2. Columns with a single value per row: columns that (should) have zero or one values for each row. These columns are:
    - `id`
    - `en_label`
    - `en_wiki`
    - `en_description`
    - `date of birth`

3. Columns with *'interesting'* values per row: columns that contain zero, one or more values for each row, where every (major) value is *interesting* for our purpose. These columns are:
    - `instance_of`
    - `gender` (apparently an entity can have multiple genders)
    - `sitelinks`
    - `instrument`
    - `worked_at`
    - `country_of_citizenship`
    - `educated_at`
    - `occupation`
    - `genre`
    - `industry`
    - `subclass_of`
    - `member_of`
    - `from_fictional_universe`

4. Columns that have multiple values per row: columns that have multiple values per row, where an aggregation of these values is *interesting* for our purposes. These columns are:
    - `sitelinks`
    - `aliases` (We don't care what the aliases *are*, maybe just how many are there)
    - `instrument`
    - `worked_at`
    - `country_of_citizenship`
    - `educated_at`
    - `occupation`
    - `genre`
    - `industry`

 **Note** that a column might be a member of both the third group as well as the fourth group.

Handling strategy for each type of column:
1. Redundant columns --> drop columns.
2. Columns with a single value per row: --> leave as is (flatten if in a list or a struct).
3. Columns with *'interesting'* values per row --> encode into binary columns (bin uncommon values, or combine with more common ones) and drop original.
4. Columns that have multiple values per row --> create a column with the aggregate metric and drop original.

Types 1 and 2 are easy as the process is automatic. For types 3 and 4, we would have to look at the distribution of values in each of the columns. Before we can do that, though, it would be helpful to convert the codes in the dataset into human-readable labels. 
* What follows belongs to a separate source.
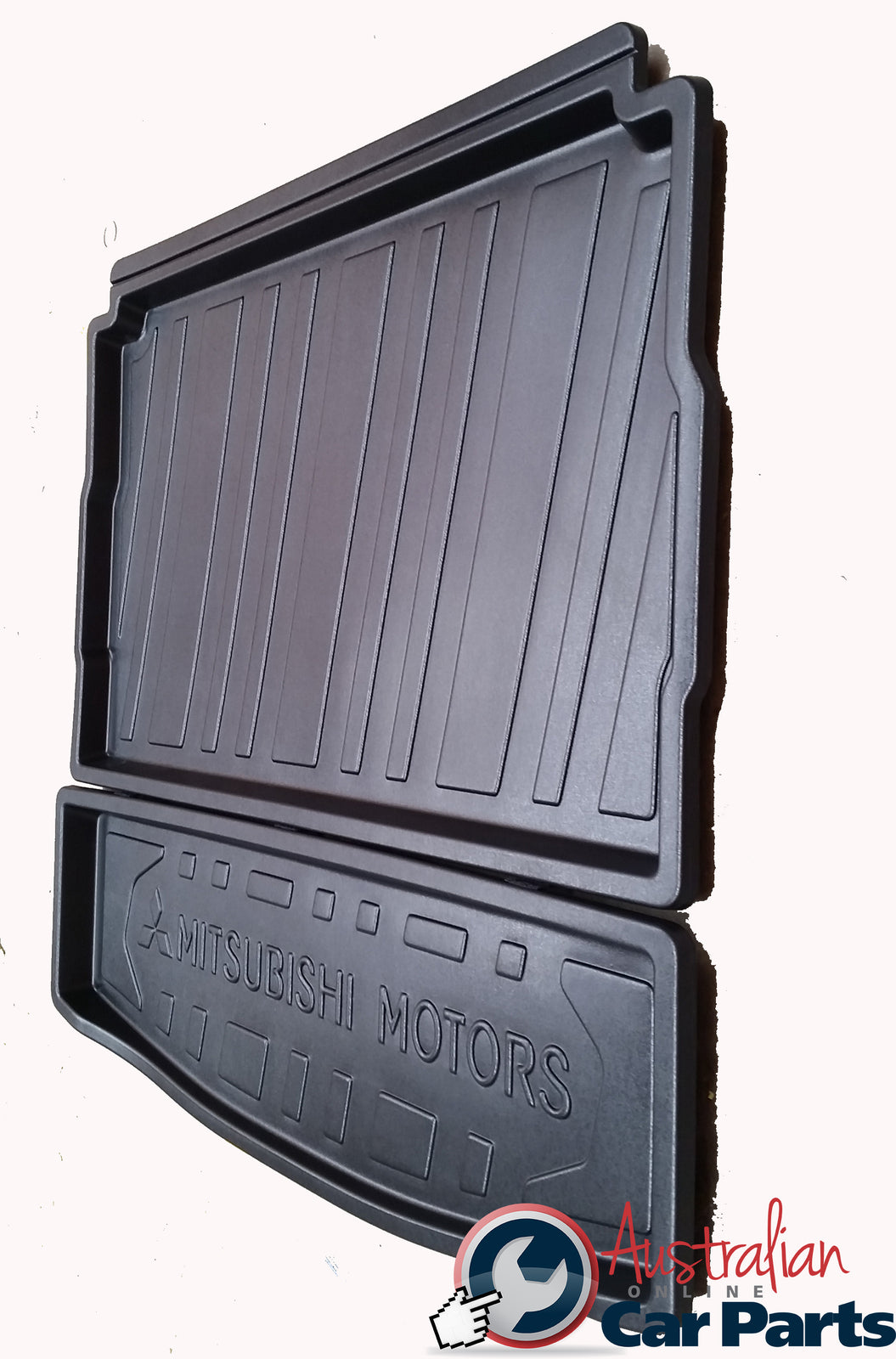 CARGO Liner boot PROTECTOR 7 seater suitable for Mitsubishi Outlander ZK 2015- Genuine New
#### Converting Codes Into Labels

Many columns have 'numeric id's in them. These are numeric code to wikidata's property. To understand the data, we need to convert them to human-readable labels. I weill grab them straight from the wikidata website (the API has a small request limit, so I won't be using it).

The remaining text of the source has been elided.